Image-text web data:
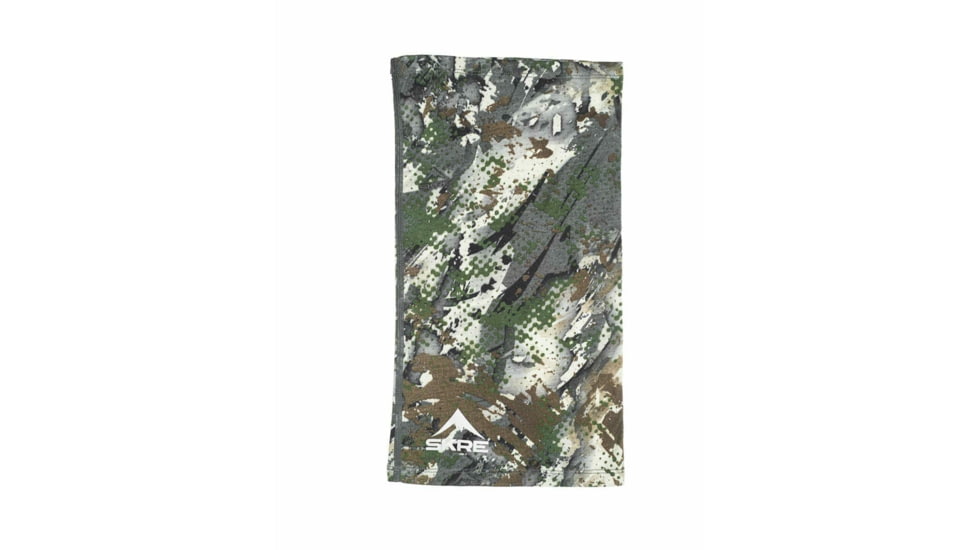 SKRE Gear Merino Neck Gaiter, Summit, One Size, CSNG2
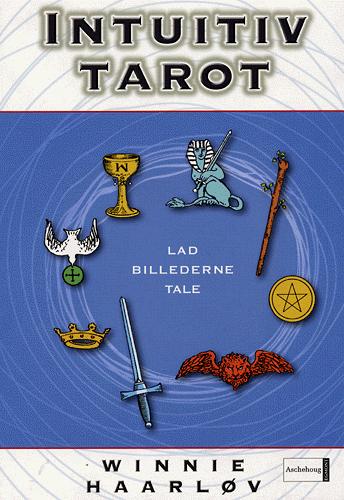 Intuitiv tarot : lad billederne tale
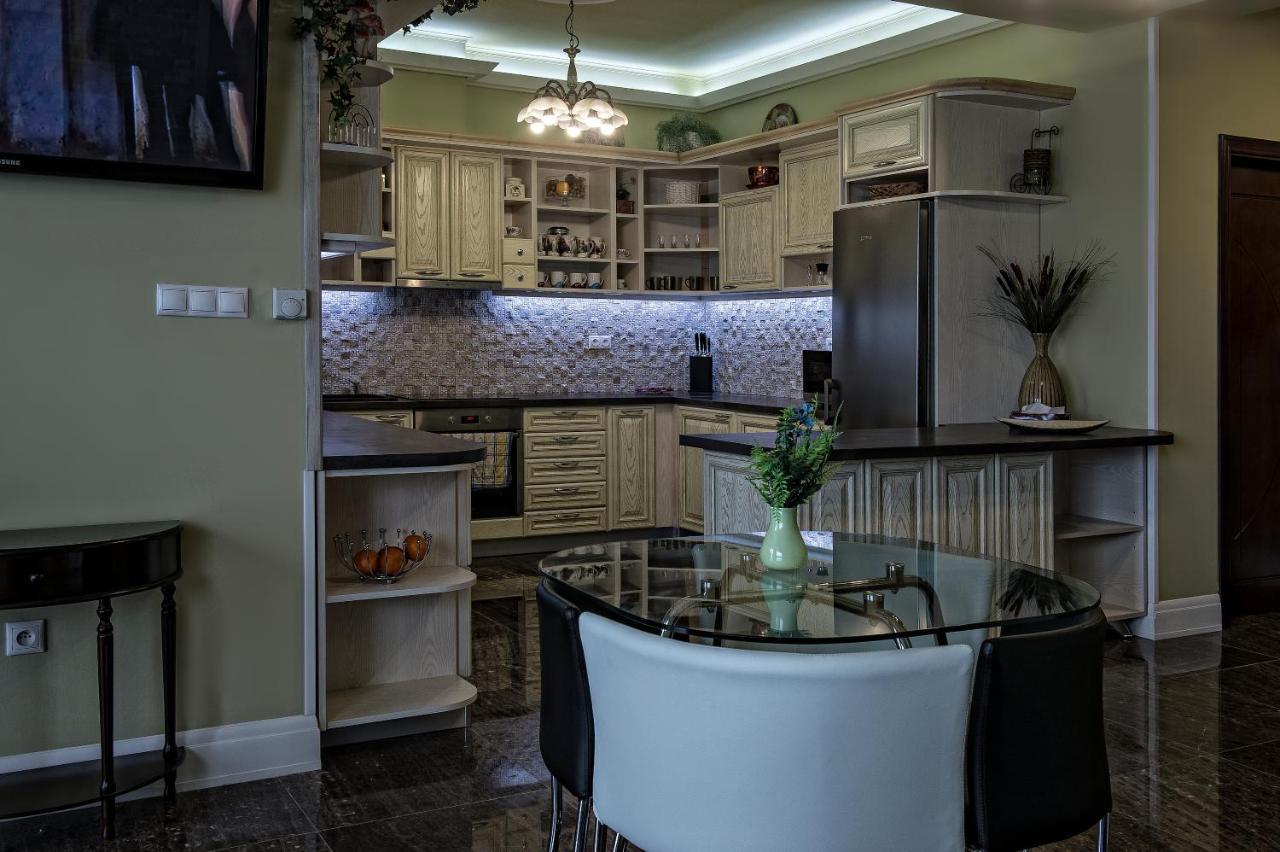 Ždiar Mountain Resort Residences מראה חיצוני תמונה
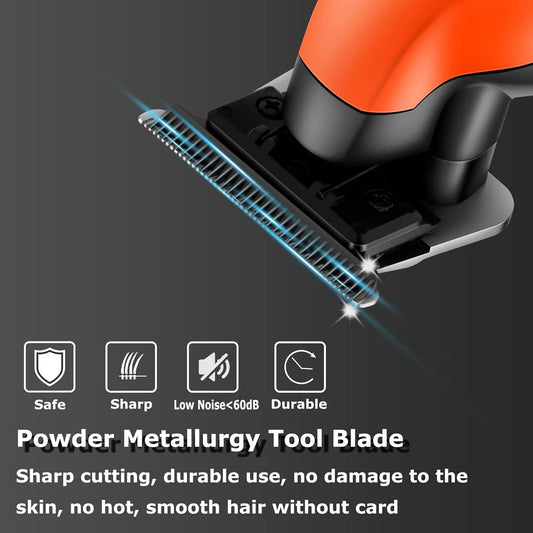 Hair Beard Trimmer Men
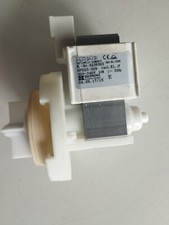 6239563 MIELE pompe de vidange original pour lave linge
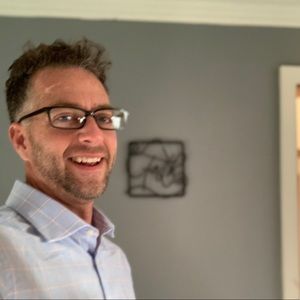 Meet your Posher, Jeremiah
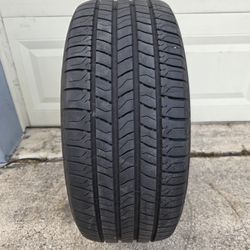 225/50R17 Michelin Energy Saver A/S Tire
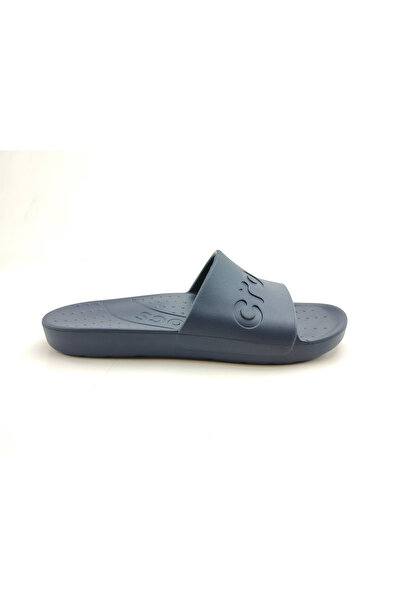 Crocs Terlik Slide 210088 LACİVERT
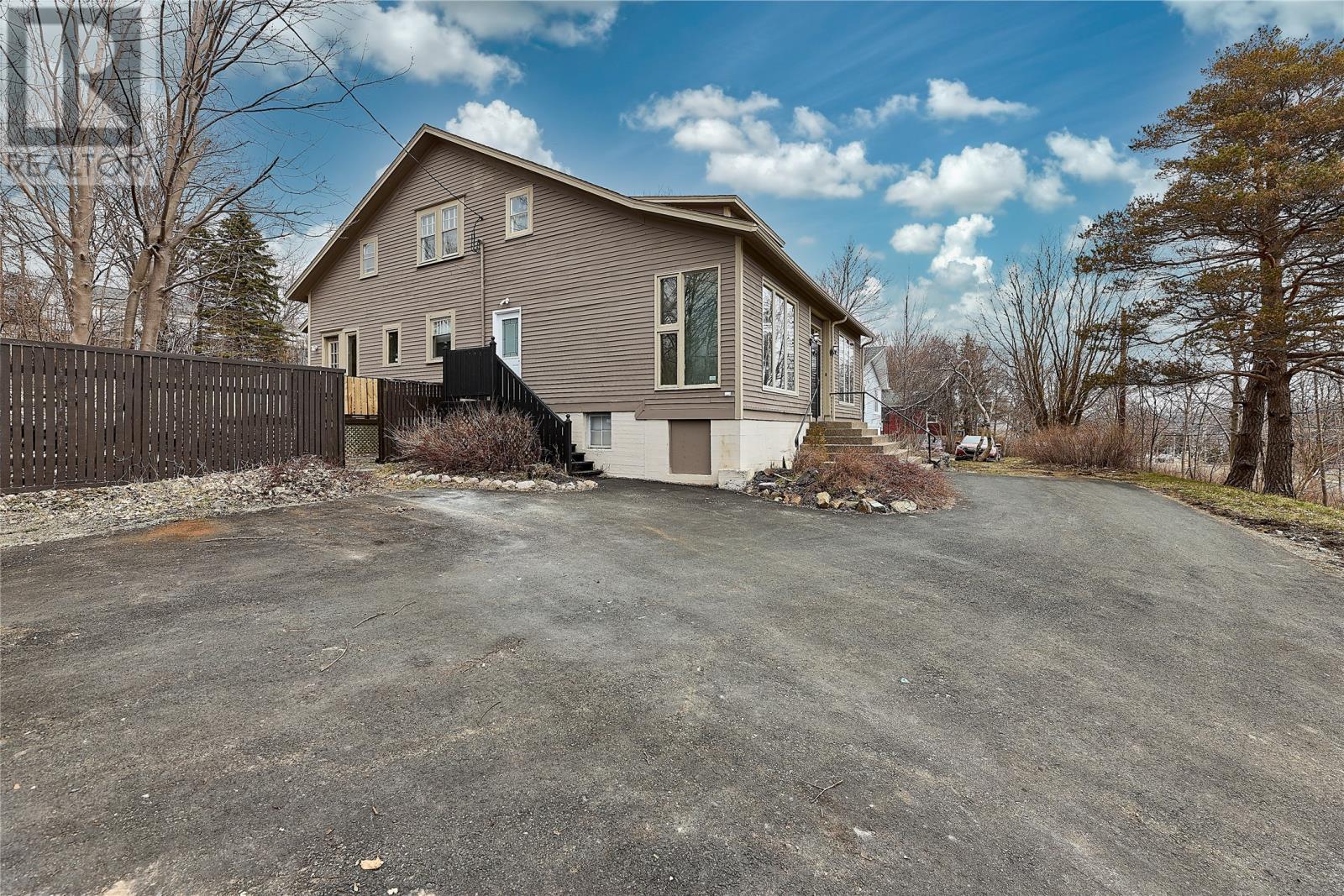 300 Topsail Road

What the task requires: Each record is to be restated word for word; no picture goes in.

Exercise response:
 SKRE Gear Merino Neck Gaiter, Summit, One Size, CSNG2
 Intuitiv tarot : lad billederne tale
 Ždiar Mountain Resort Residences מראה חיצוני תמונה
 Hair Beard Trimmer Men
 6239563 MIELE pompe de vidange original pour lave linge
 Meet your Posher, Jeremiah
 225/50R17 Michelin Energy Saver A/S Tire
 Crocs Terlik Slide 210088 LACİVERT
 300 Topsail Road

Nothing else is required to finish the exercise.